Configuration System
Overview
Curriculum Curator uses Pydantic for configuration validation and type safety. Pydantic is a data validation library that uses Python type annotations to validate data structures and provide helpful error messages.
Configuration Models
The configuration system is built around a hierarchy of Pydantic models, with AppConfig as the root model. These models define the expected structure of the configuration and provide automatic validation.
How Pydantic Models Work
Pydantic models are similar to database schemas or TypeScript interfaces - they define the shape and constraints of data.
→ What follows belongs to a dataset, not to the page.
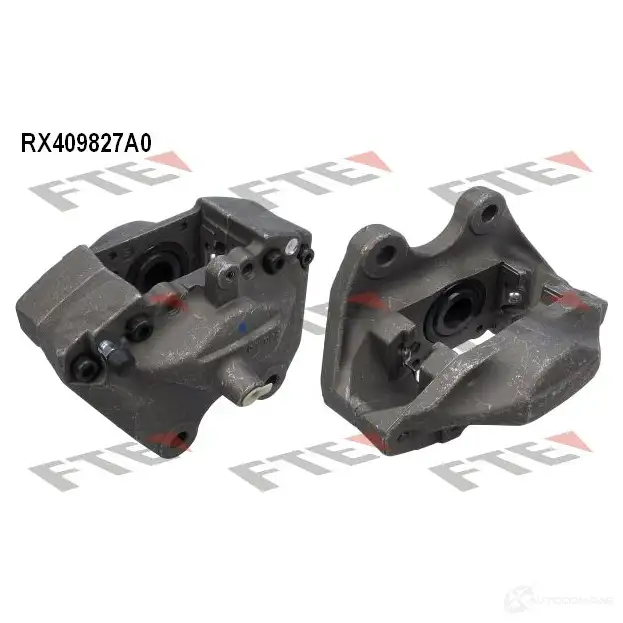 Тормозной суппорт FTE X OIGC6O 4028569488493 RX409827A0 614678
They:
- Enforce types and validation rules
- Generate clear error messages when data doesn't match expectations
- Provide automatic conversion between types when possible (e.g., string to int)
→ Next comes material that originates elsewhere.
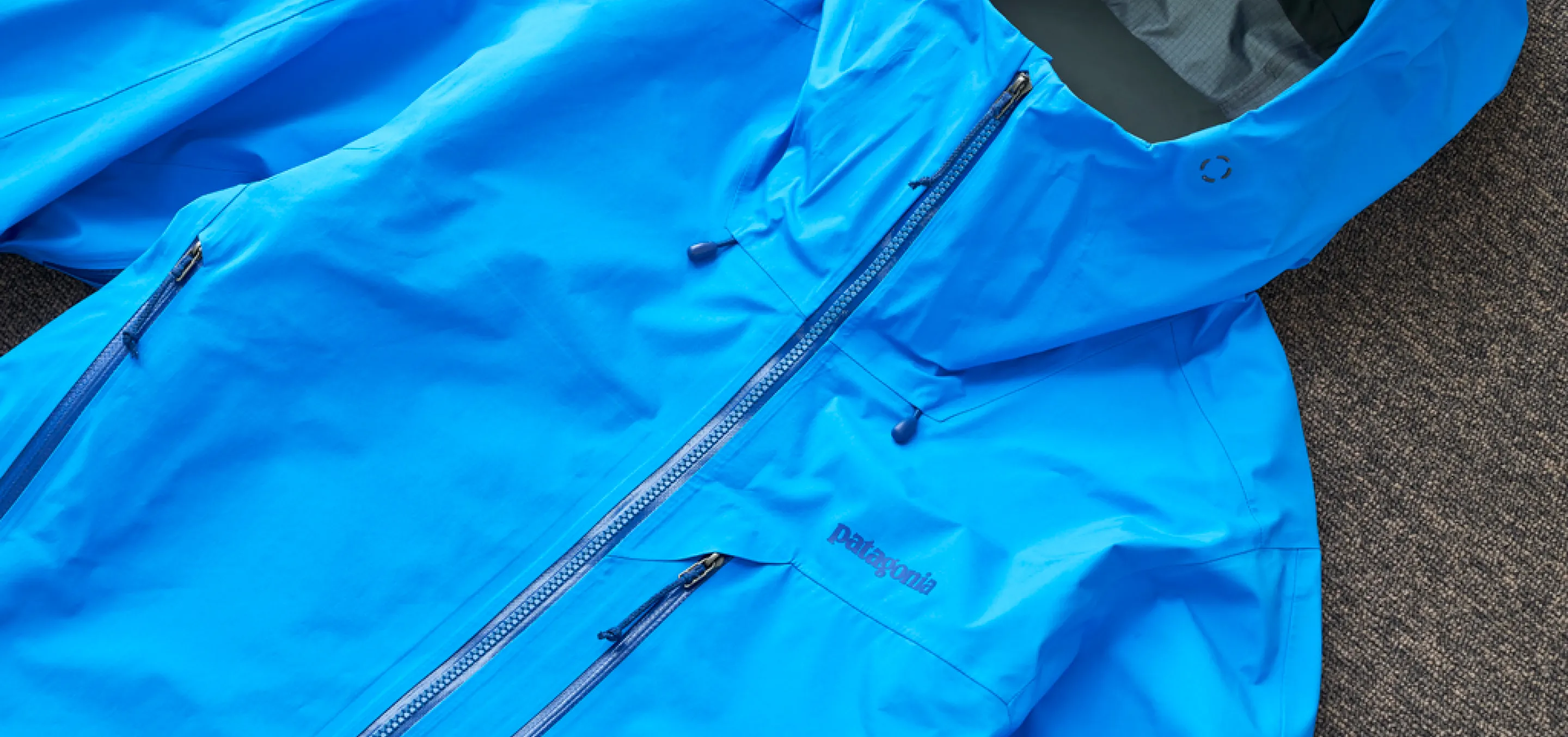 連載】進化した GORE-TEX PRO がもたらしたもの。 パタゴニア「プルマ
- Allow for default values and optional fields
Core Configuration Models
AppConfig
The root configuration model that contains all other configuration sections:
class AppConfig(BaseModel):
"""Overall application configuration."""
system: SystemConfig = Field(default_factory=SystemConfig)
llm: LLMConfig = Field(...) # Required
prompts: PromptConfig = Field(default_factory=PromptConfig)
validation: Optional[ValidationConfig] = None
remediation: Optional[RemediationConfig] = None
output: Optional[OutputConfig] = None
workflows: Dict[str, WorkflowConfig] = Field(
default_factory=dict, description="Available workflows"
)
LLM Configuration
Models for LLM provider configuration:
class LLMConfig(BaseModel):
"""LLM configuration."""
default_provider: str = Field(..., description="Default LLM provider to use")
aliases: Dict[str, str] = Field(
default_factory=dict, description="Model aliases for easier reference"
)
providers: Dict[str, LLMProviderConfig] = Field(
default_factory=dict, description="LLM provider configurations"
)
Workflow Configuration
Models for workflow definitions:
class WorkflowConfig(BaseModel):
"""Configuration for a workflow."""
description: str = Field(..., description="Description of the workflow")
steps: List[WorkflowStepConfig] = Field(
default_factory=list, description="Steps in the workflow"
)
Loading Configuration
Configuration can be loaded from YAML files using the load_config function:
from curriculum_curator.config.utils import load_config
# Load config from a file
config = load_config("config.yaml")
# Access configuration values with type safety
provider = config.llm.default_provider
workflow_names = list(config.workflows.keys())
Benefits of Pydantic for Configuration
- Type Safety: Configuration errors are caught early with clear error messages
- Self-Documenting: Models make it clear what configuration options are available
- IDE Support: Type hints enable autocomplete and inline documentation
- Validation: Complex validation rules ensure configuration correctness
- Default Values: Less configuration required for common use cases
Example Configuration
Here's an example of a minimal YAML configuration file:
llm:
default_provider: openai
providers:
openai:
api_key: env(OPENAI_API_KEY)
default_model: gpt-4
models:
gpt-4: {}
gpt-3.5-turbo: {}
workflows:
generate_module:
description: Generate a learning module
steps:
- name: outline
type: prompt
prompt: module/outline.txt
output_variable: module_outline
- name: validate_outline
type: validation
validators: [structure]
targets: [module_outline]
Environment Variable Resolution
LLM API keys can be specified as environment variables using the env() syntax:
The Pydantic validator will automatically resolve these references to the actual environment variable values.